# Forum Home Renovation Doors, Windows, Architraves & Skirts  Gap filling between architrave mitres

## stevo27

Hi all, 
Where architraves are mitred, what is used to fill any gaps?  A filler, like a putty?  Or a caulk?

----------


## Craigoss

Are the archs being painted or stained?

----------


## stevo27

Painted (MDF trim)

----------


## shauck

Caulk for gaps between two materials, filler for holes in one material.

----------


## intertd6

The thing to try aim for is no gaps or cracks, if they are inevitable a gap filler such as " no more skills " is a good one to use.Regards inter

----------


## JB1

My carpenter used PVC glue while installing them. 
Wiped clean and then sanded back. 
Perfect and smooth as. Not noticeable when painted.  
Sent from my iPhone 4S using Tapatalk

----------


## intertd6

Any carpenter that has to sand the face of a architrave mitre joint has missed a vital lesson in final fixing of trims, glue is a dubious one as well.
regards inter

----------


## JB1

I should have said sanded by required. 
I have no issues with PVC Glue. 
It can't hurt, plus the fact PVC glue will make the bond stronger and also seal the MDF. 
Even if the joins were perfect, I would prefer PVC glue be used.     
Sent from my iPhone 4S using Tapatalk

----------


## TheHammer

Mitred (timber or mdf) should be glued with PVA. It is ridiculous to think that all trim goes up perfect. MDF is super stable. It will not move due to humidty. I would prime the architraves, then fill any defects with Selley's Doors & Trim. It will bond better to the primer. Those defects include the mitres.

----------


## intertd6

> Mitred (timber or mdf) should be glued with PVA. It is ridiculous to think that all trim goes up perfect. MDF is super stable. It will not move due to humidty. I would prime the architraves, then fill any defects with Selley's Doors & Trim. It will bond better to the primer. Those defects include the mitres.
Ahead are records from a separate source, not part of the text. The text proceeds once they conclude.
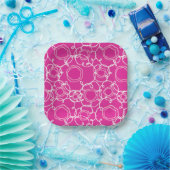 Abstracte bloemmatrix (heet roze) fijne kunst papieren bordje (Feest)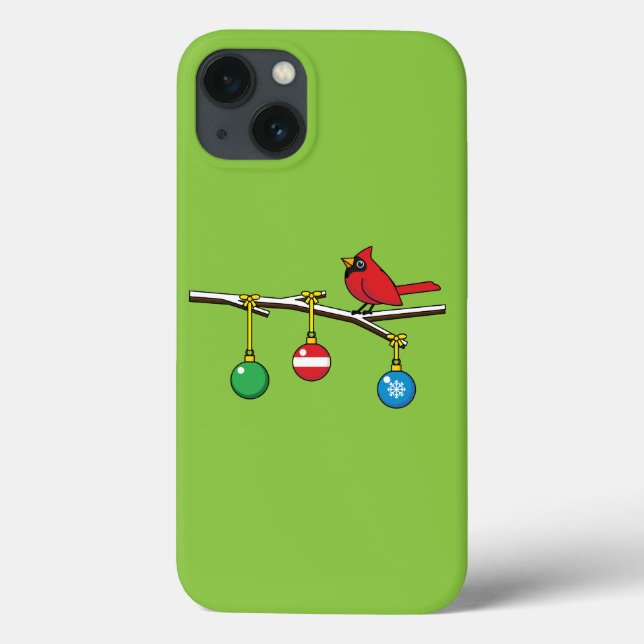 Red Cardinal on Christmas Bare Branch Case-Mate iPhone Case (Back)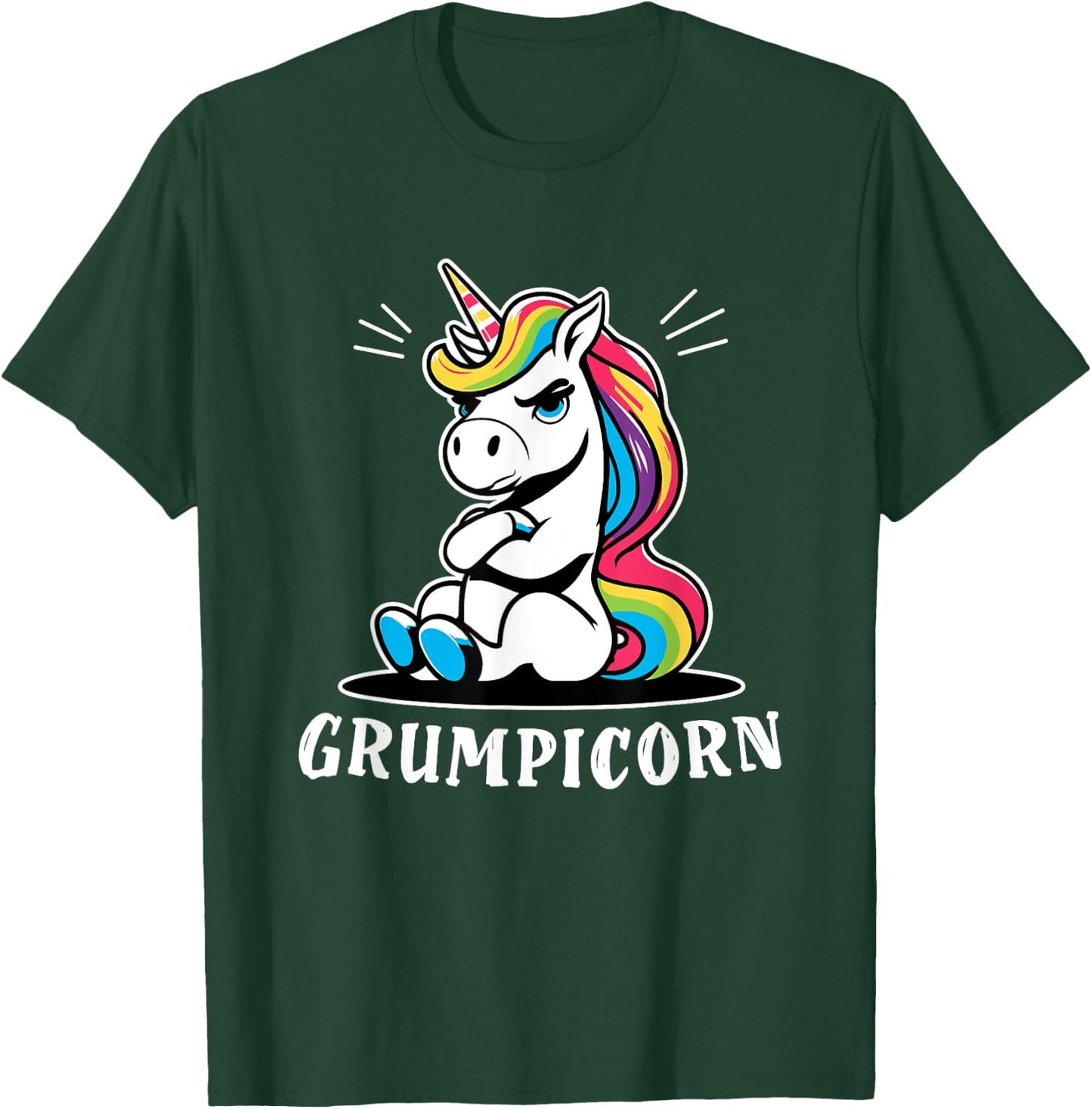 Grumpycorn Unicorn Funny Humour Sarcasm Bad Mood T-Shirt - T-Shirt | Forest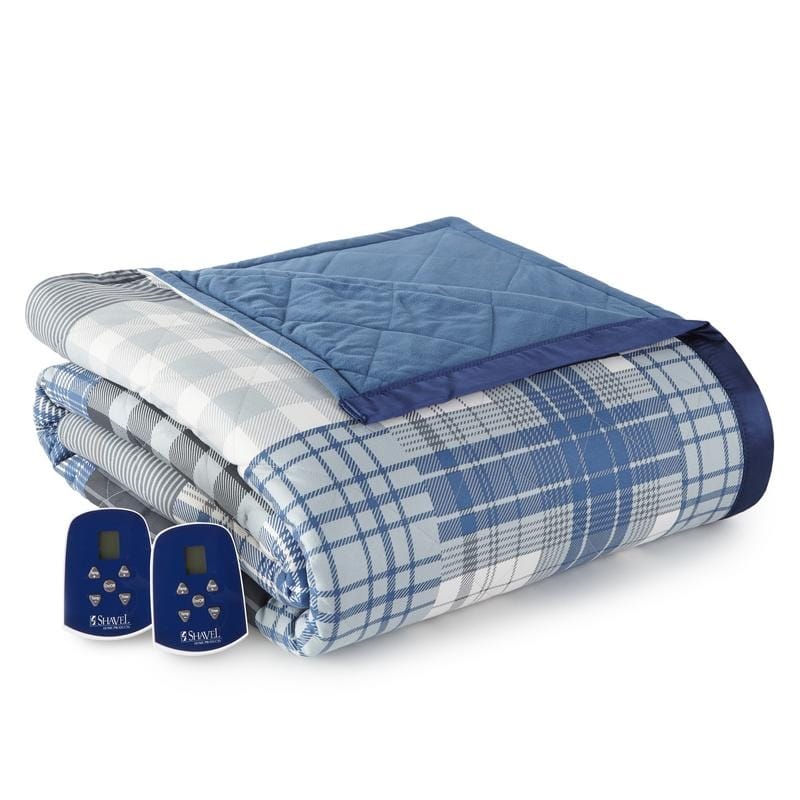 Shavel Micro Flannel® Quilted Electric Heated Blanket - Full - smokey mt plaid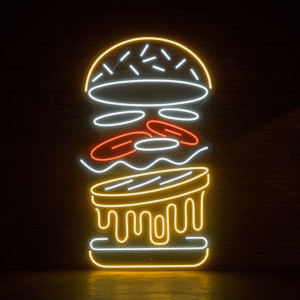 🔥 “Fast Food & Cafe Neon Tabela – Göz Alıcı Burger Tasarımı”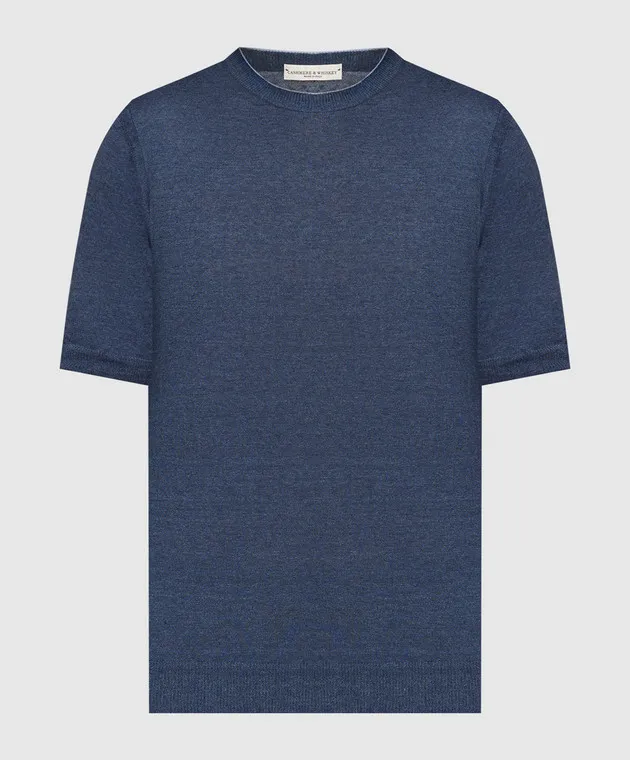 CASHMERE&WHISKEY BLUE TSHIRT WITH LINEN AND CASHMERE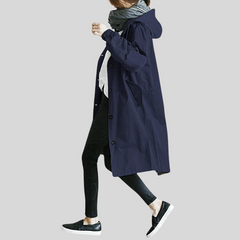 Wasserdichter Mantel mit Kapuze für Frauen - Yasmina in Marineblau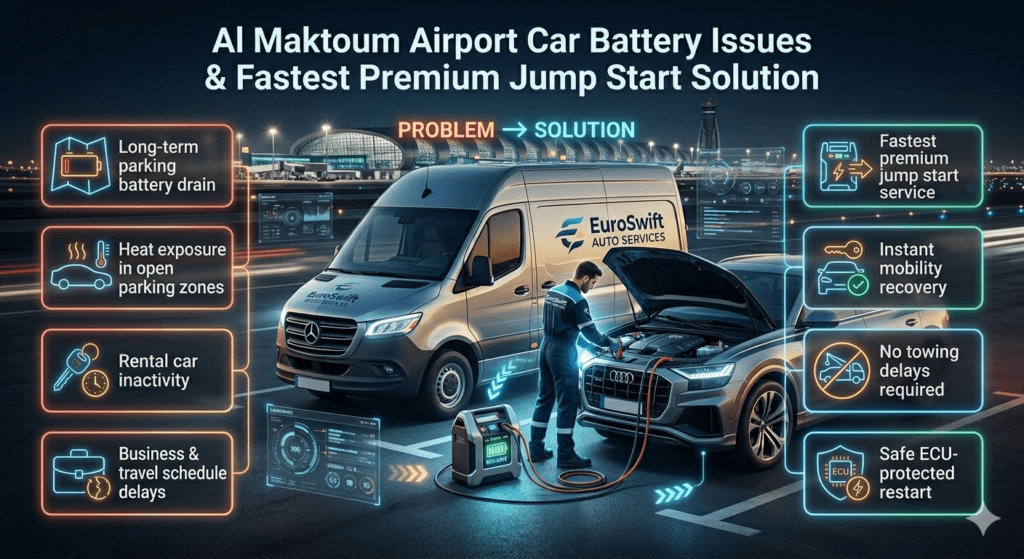 Infographic showing car battery issues at Al Maktoum Airport including parking drain, heat exposure, rental inactivity, and fast premium jump start solution by EuroSwift Auto Services.
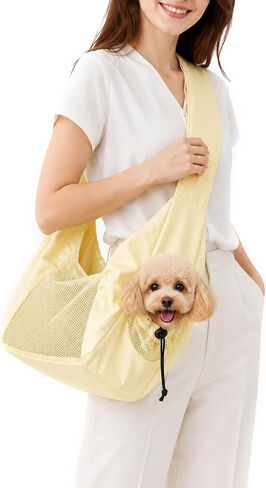 Dog Sling Carrier for Small Dogs & Cats Up to 15lbs, Hands Free Pet Carrier with Bottom Support and Large Pocket, Soft Breathable Mesh Cat Carrier Bag for Travel Hiking Walking (Grey) in Kuwait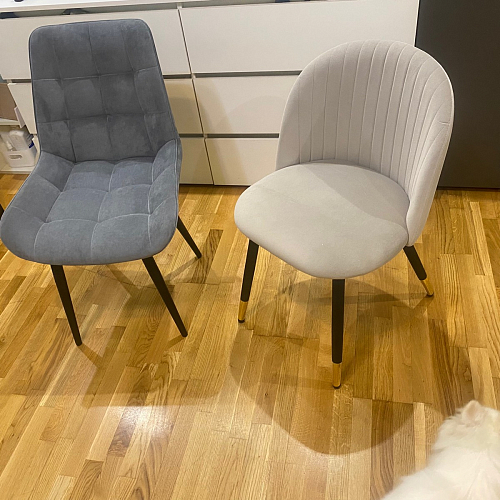 Стул на металлокаркасе Gabi 1 light blue / black / gold фото покупателя 787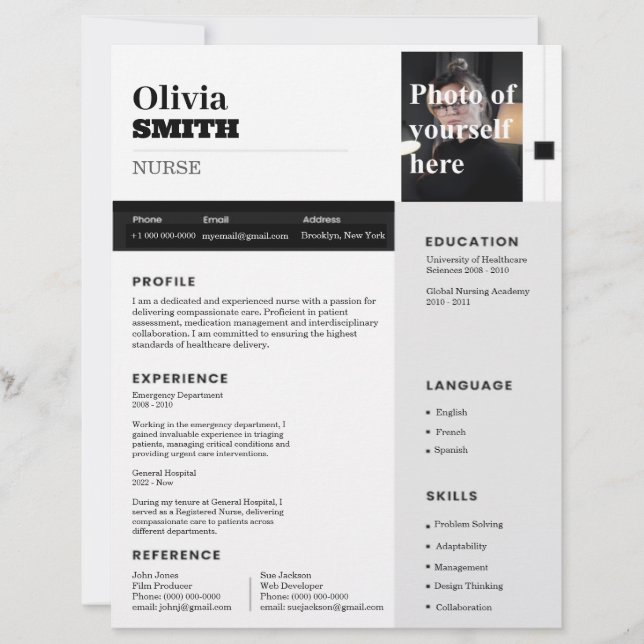 Customizable Resume Template with Photo 19 Custom Letterhead (Front)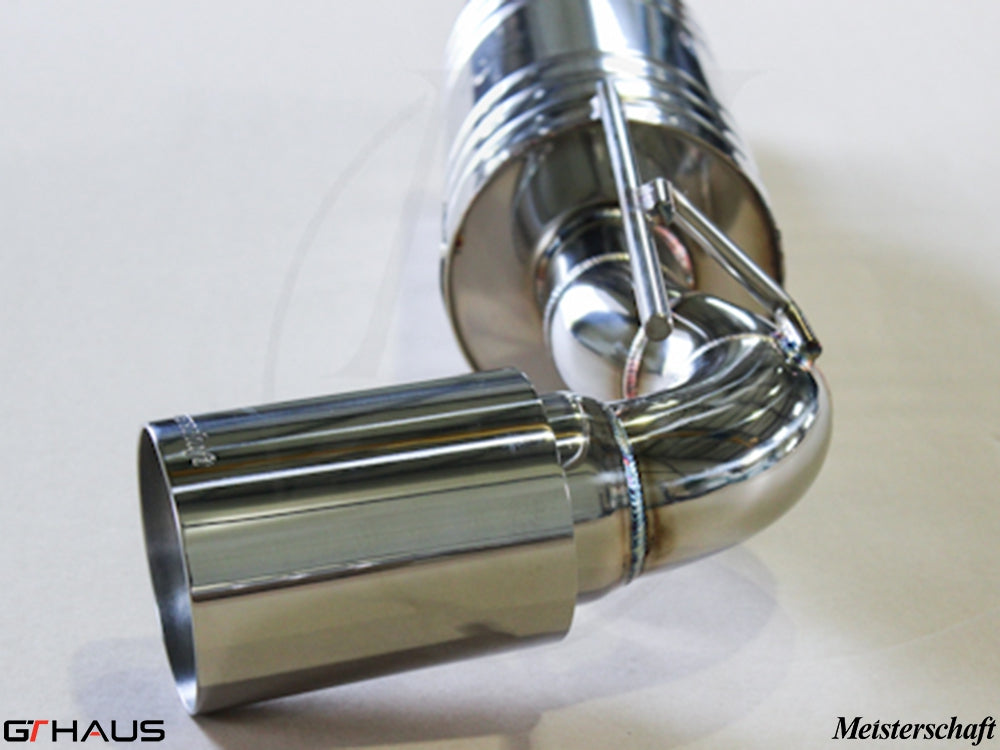 Premium stainless steel exhaust system for Lotus Elise/Exige SC, featuring polished finish and precision engineering.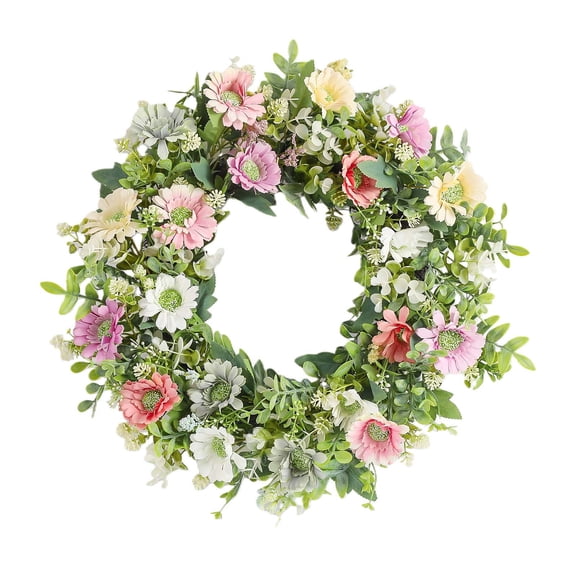 Pink Spring Decorative Door Wreath With Fragrant Flowers Leaves And Greenery Floral Garland For Front Door Porch Wall Home Decor 1Pc 700G (1.54Lb)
  Nobody has said that you can't use glue on the mitres, the problem comes when a substandard job on mitering is attempted to be filled up with glue or filler of some sort by a qualified trades person.
problems can arise when glue is not thoroughly cleaned from the surfaces of raw timber that will be stained because it will not penetrate the grain because it has been sealed with a glue residue.
regards inter

----------